A century and three-quarters have passed since the Acadians were
Scattered like dust and leaves when the mighty blasts of October
Seize and whirl them aloft, and sprinkle them far o’er the ocean,
but the debate over the rightness of Governor Lawrence’s action has not ceased. Racial prejudice has diminished, and, granting the existence of fault on both sides, an increasing proportion of the conquering race feels the punishment was disproportionate to the crime, or that a more statesmanlike Governor would have averted the tragedy.

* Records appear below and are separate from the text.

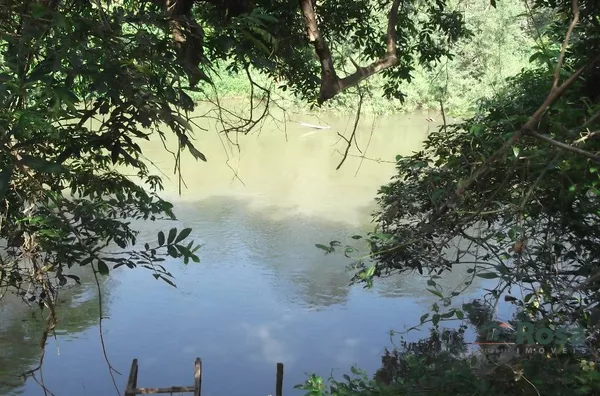 CHACARA URBANA para venda SANTA IZABEL Cuiabá - Foto 6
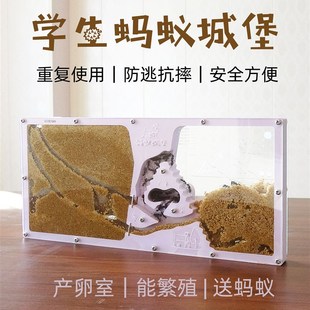 速发蚂蚁城堡工沙王国庄园别墅家园活物坊巢沙村蚁堡蚁后送工具
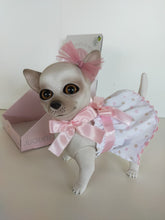 Load image into Gallery viewer, 22302 Luna Reborn Chihuahua White and Pink Outfit
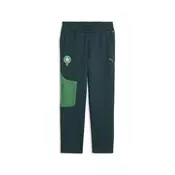Morocco PUMATECH Sweatpants Men, Football, Green Terrain/Victory Gold, L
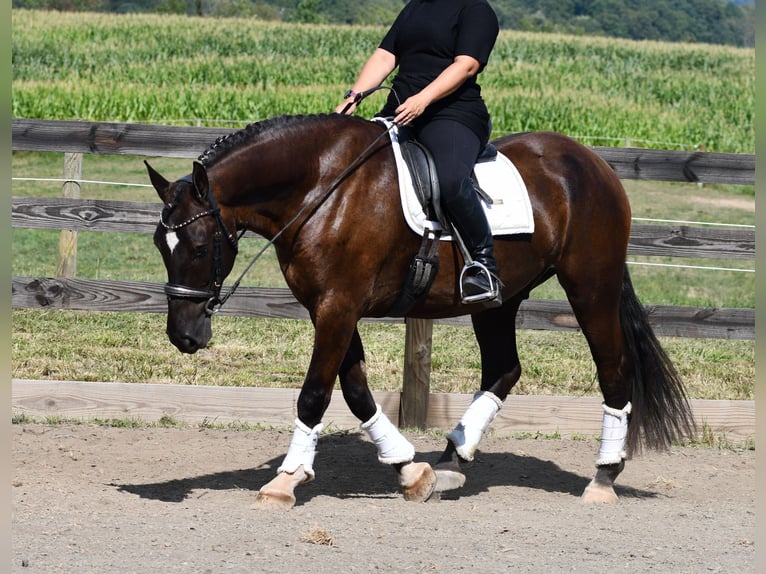 Percherón Mestizo Caballo castrado 6 años 165 cm Castaño oscuro in Strasburg, OH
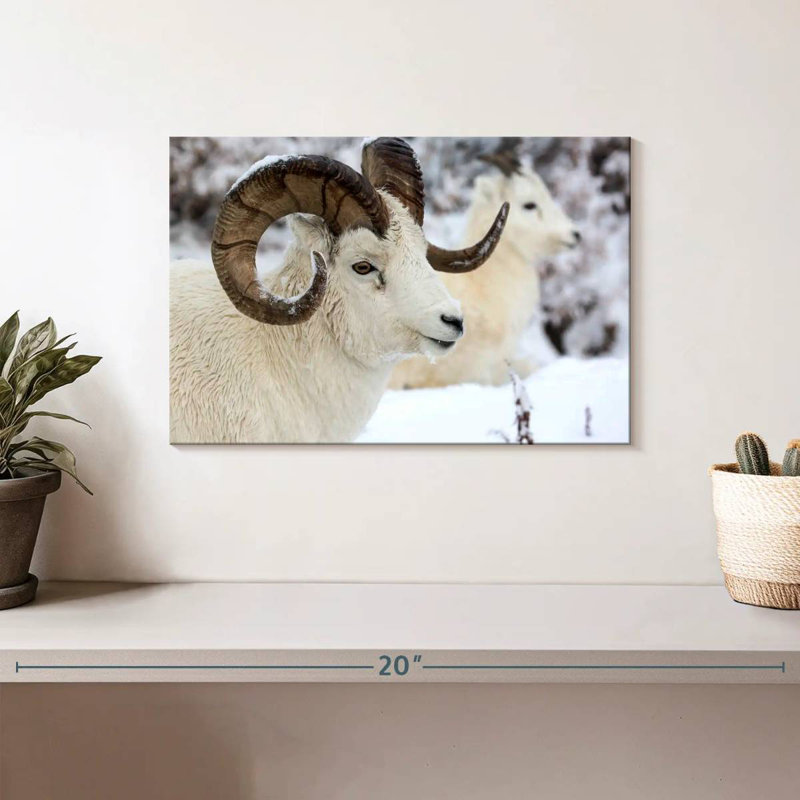 Mouton d'hiver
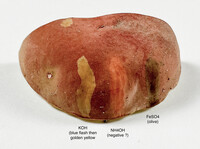 Boletus roodyi image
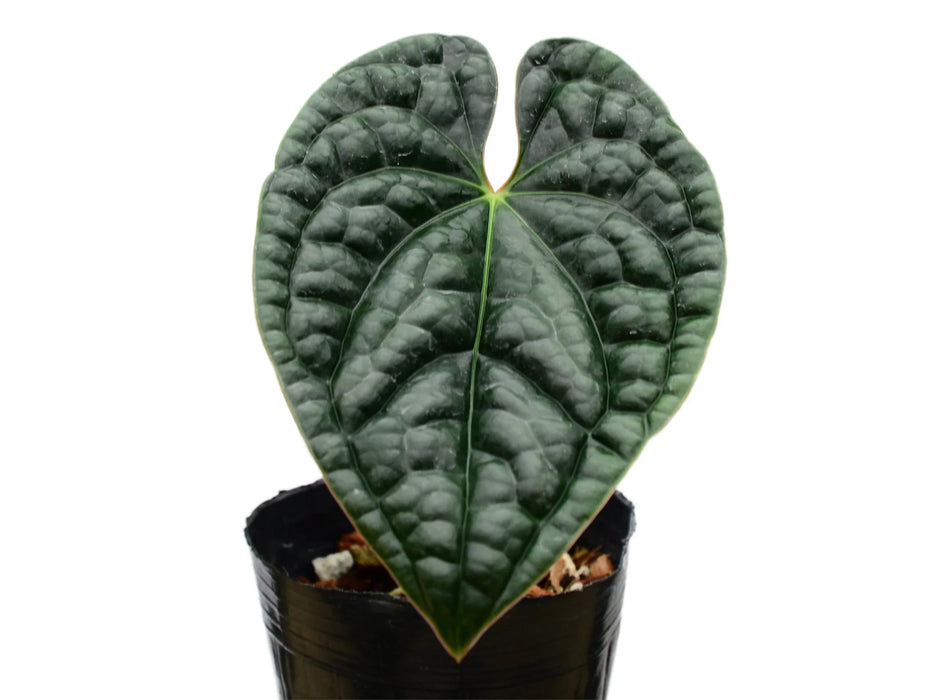 Anthurium luxurians (seedling)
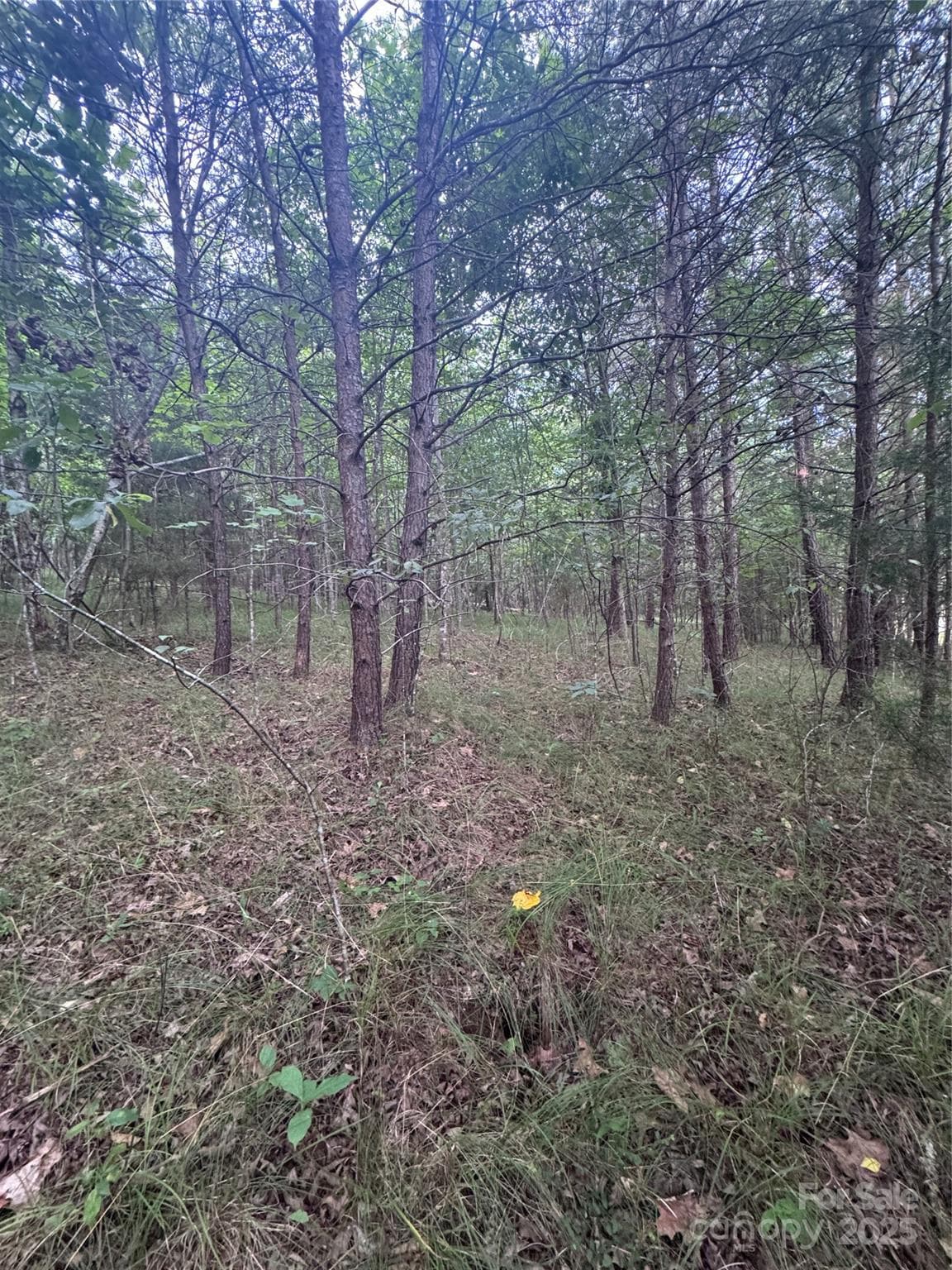Lot at Rutherfordton, photo 2 of 17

After untold miseries in unknown lands, many of the Acadians crept back to the shores of Fundy, and today their descendants live the simple, wholesome lives of Evangeline and her people. “That stilly wanderer, small Gaspereau,” as Bliss Carman called it, winds through the beautiful valley to Horton’s Landing and joins the Basin of Minas where great blue herons wade into red, muddy flats in search of a shellfish dinner. “Glooscap,” whose home was on Blomidon, according to Micmac legend, has ceased his warfare with the “Great Beaver,” leaving the Five Islands as mementoes of the rocks he tossed at his enemy. Dominion Atlantic engines bear the names of characters in “Evangeline,” and it will be many a day before the sad, sweet story of the Acadian exiles fades from memory.